### To do
Leave the pictures aside and give back every entry below word for word.

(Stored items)
>>>

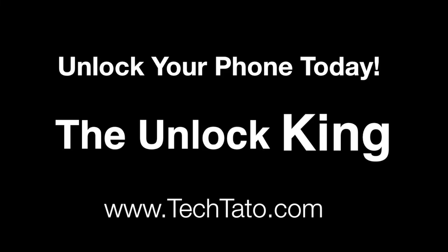Thank you for viewing. Once again, this is TechToto, the Unlock King, signing out.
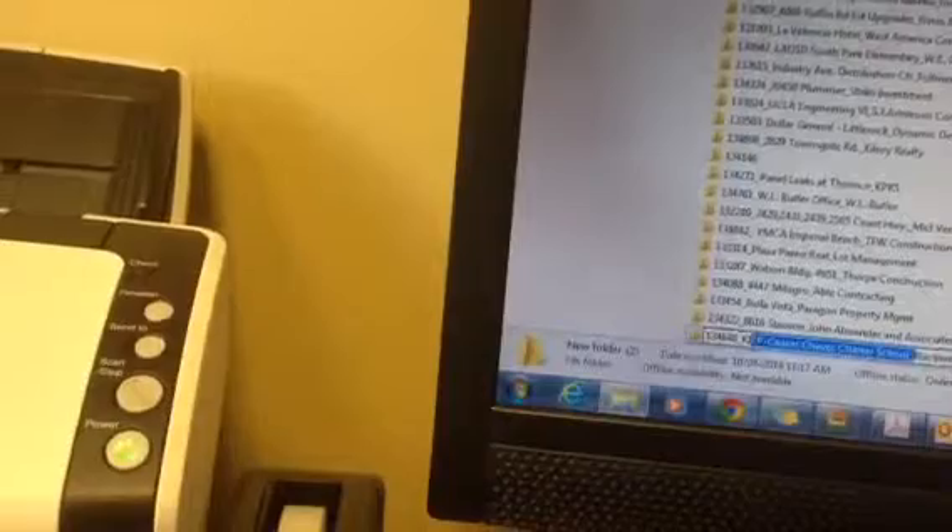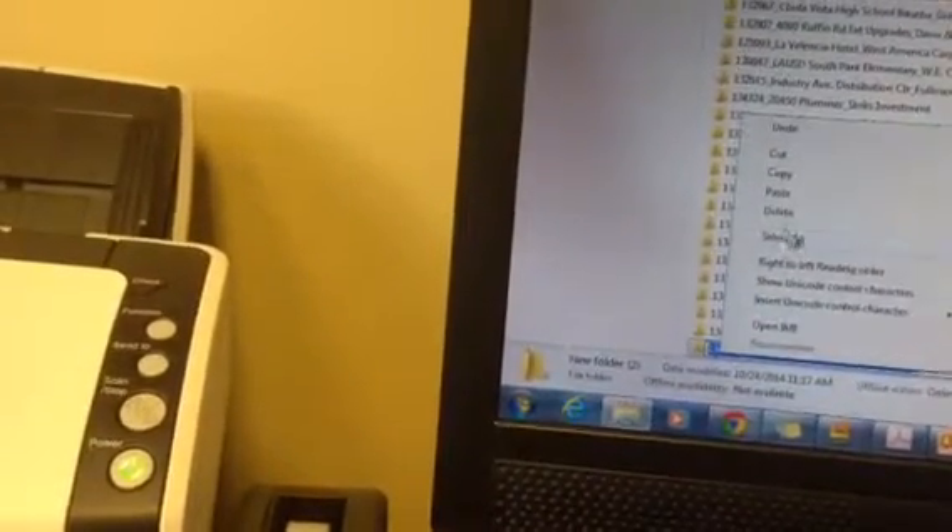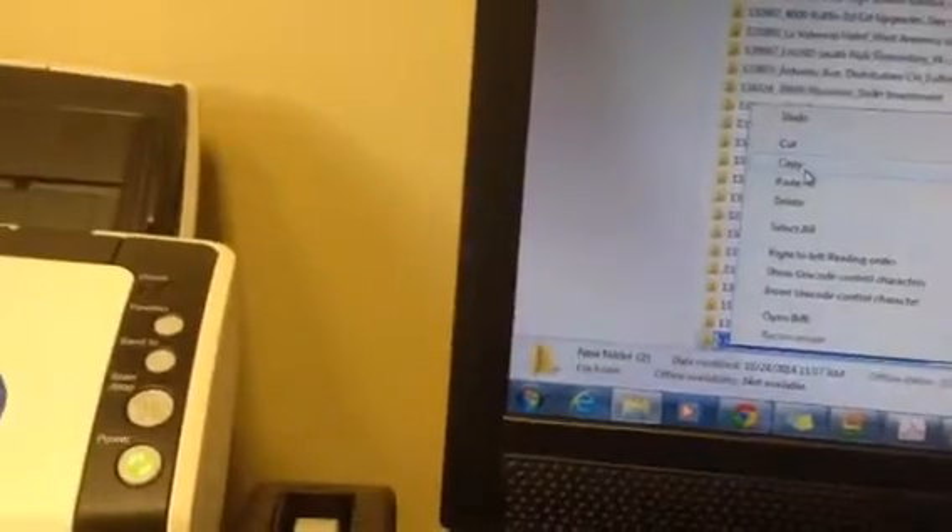When setting up an e-file, we type in the job number and the job name countless times. Instead of typing it in every file we scan in or add in, I choose to copy and paste the job number and job name into each file, saving me at least 2 to 10 seconds per job setup.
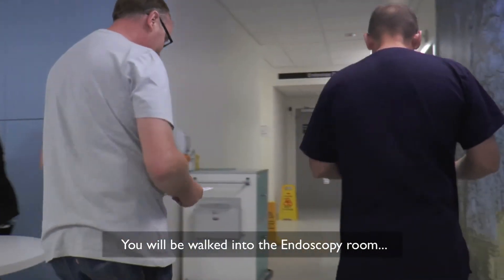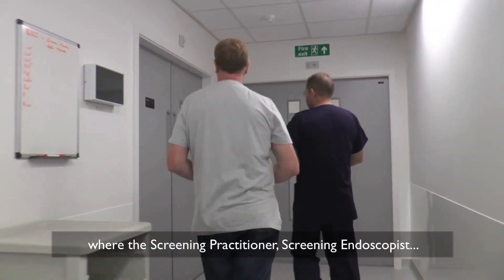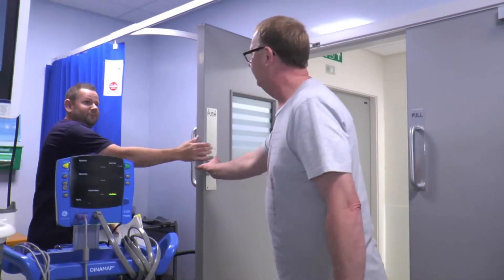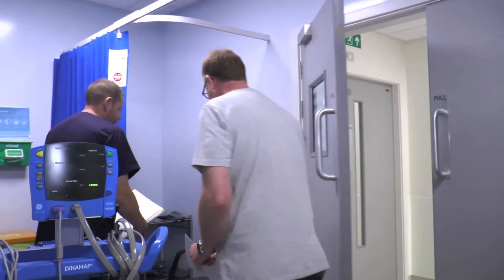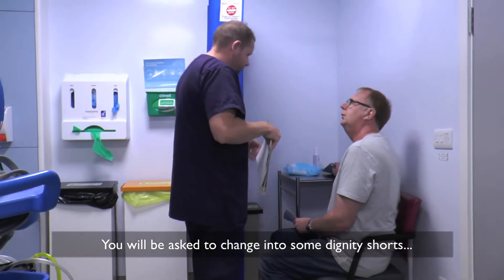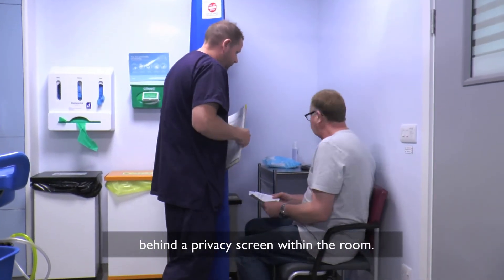You will be walked into the endoscopy room where the screening practitioner, screening endoscopist, and endoscopy nurses will be present. You will be asked to change into some dignity shorts behind a privacy screen within the room.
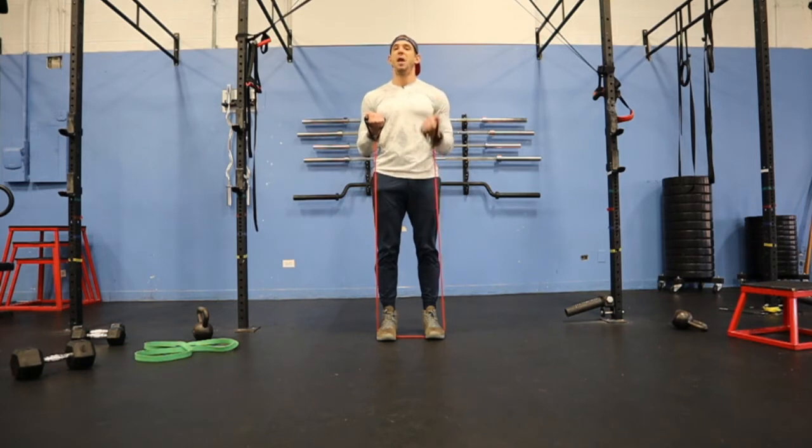I'm going to go ahead and do my 10 here. So then when I get my 10, I'm going to hold it, and then I immediately go into my other side.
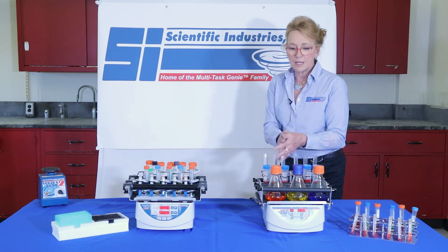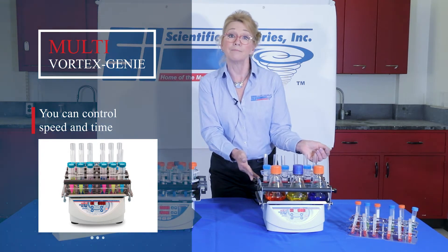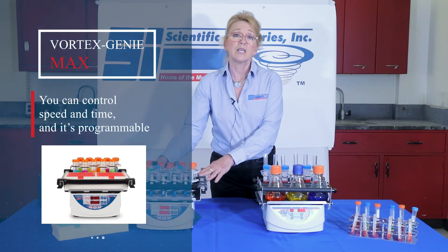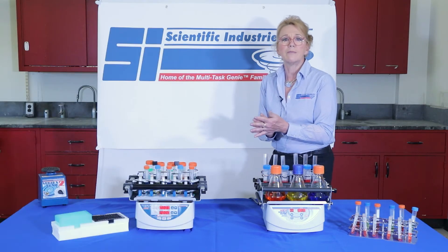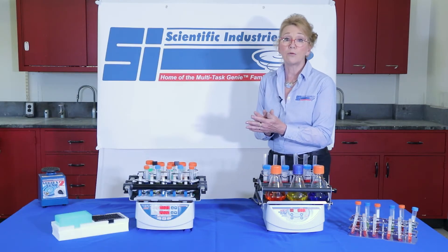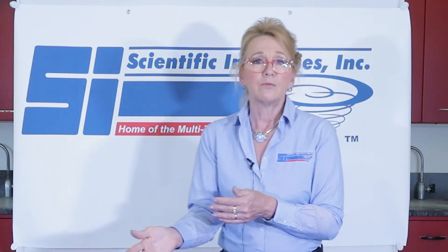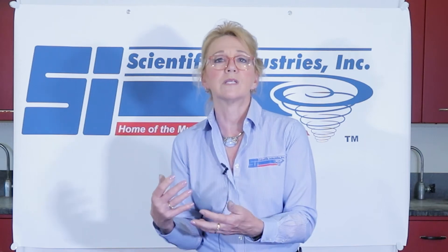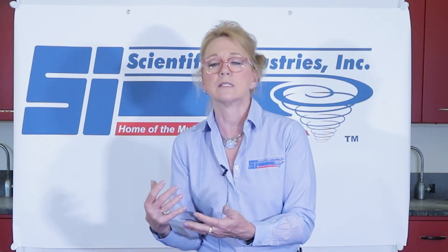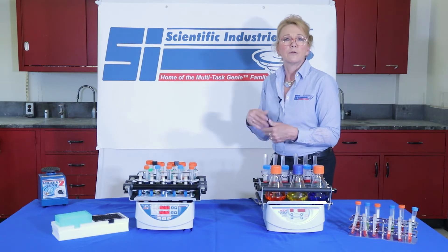That being said, the Multi Vortex Genie allows you to control the speed and the time. In the Vortex Genie Max, you can control speed and time, but you also can program. The additional programming capabilities include pulse mode, which is an on-off for total cycle time, and we also have reverse mode so that you can go clockwise vortexing and then counterclockwise, allowing for a more vigorous and homogeneous mix. We also have a normal run for total time.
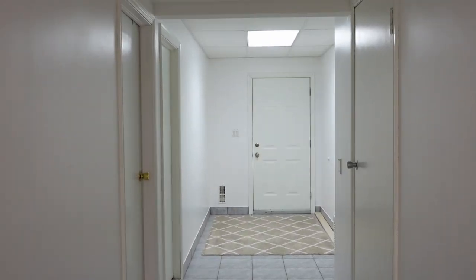Hallways can be boring and dark, especially if there's no windows and especially if you're in a basement. I'm Anna and I'm going to give this basement hallway some style and character.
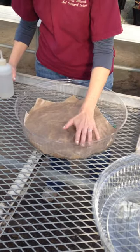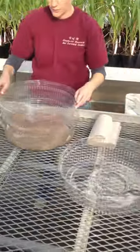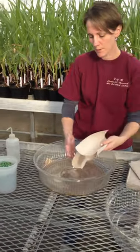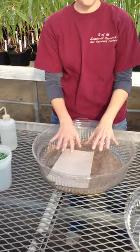Press them so that there's good contact. Then you can take another tray, put it right on top, and do the same. In our experiment, we have corn and cucumbers — the bottom layer is corn, and the top is cucumbers.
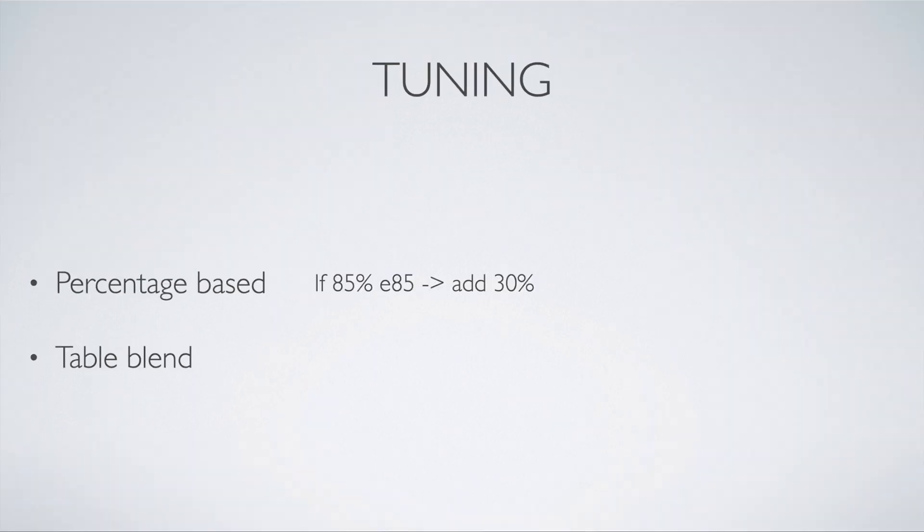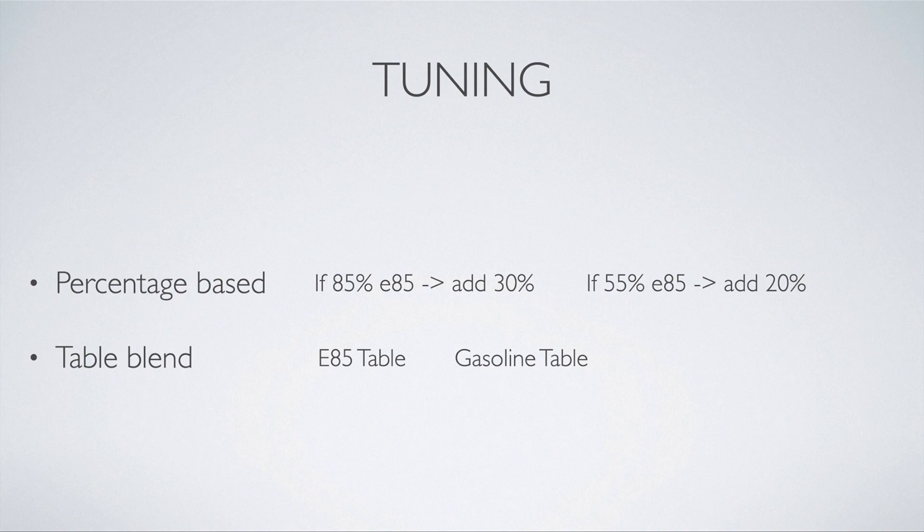With percentage-based tuning, if your sensor is detecting 85% ethanol, you can add a specified percentage of fuel, ignition timing, or boost in your tune. Then if it's detecting 50% ethanol, you would add less fuel, ignition, or boost. There are various other parameters as well. Table blend, on the other hand, is where you have an E85 table and a gasoline table in your tune, and you blend between the two based on the ethanol percentage.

<<<

### Your response
Thank you for viewing. Once again, this is TechToto, the Unlock King, signing out.
When setting up an e-file, we type in the job number and the job name countless times. Instead of typing it in every file we scan in or add in, I choose to copy and paste the job number and job name into each file, saving me at least 2 to 10 seconds per job setup.
You will be walked into the endoscopy room where the screening practitioner, screening endoscopist, and endoscopy nurses will be present. You will be asked to change into some dignity shorts behind a privacy screen within the room.
I'm going to go ahead and do my 10 here. So then when I get my 10, I'm going to hold it, and then I immediately go into my other side.
That being said, the Multi Vortex Genie allows you to control the speed and the time. In the Vortex Genie Max, you can control speed and time, but you also can program. The additional programming capabilities include pulse mode, which is an on-off for total cycle time, and we also have reverse mode so that you can go clockwise vortexing and then counterclockwise, allowing for a more vigorous and homogeneous mix. We also have a normal run for total time.
Hallways can be boring and dark, especially if there's no windows and especially if you're in a basement. I'm Anna and I'm going to give this basement hallway some style and character.
Press them so that there's good contact. Then you can take another tray, put it right on top, and do the same. In our experiment, we have corn and cucumbers — the bottom layer is corn, and the top is cucumbers.
With percentage-based tuning, if your sensor is detecting 85% ethanol, you can add a specified percentage of fuel, ignition timing, or boost in your tune. Then if it's detecting 50% ethanol, you would add less fuel, ignition, or boost. There are various other parameters as well. Table blend, on the other hand, is where you have an E85 table and a gasoline table in your tune, and you blend between the two based on the ethanol percentage.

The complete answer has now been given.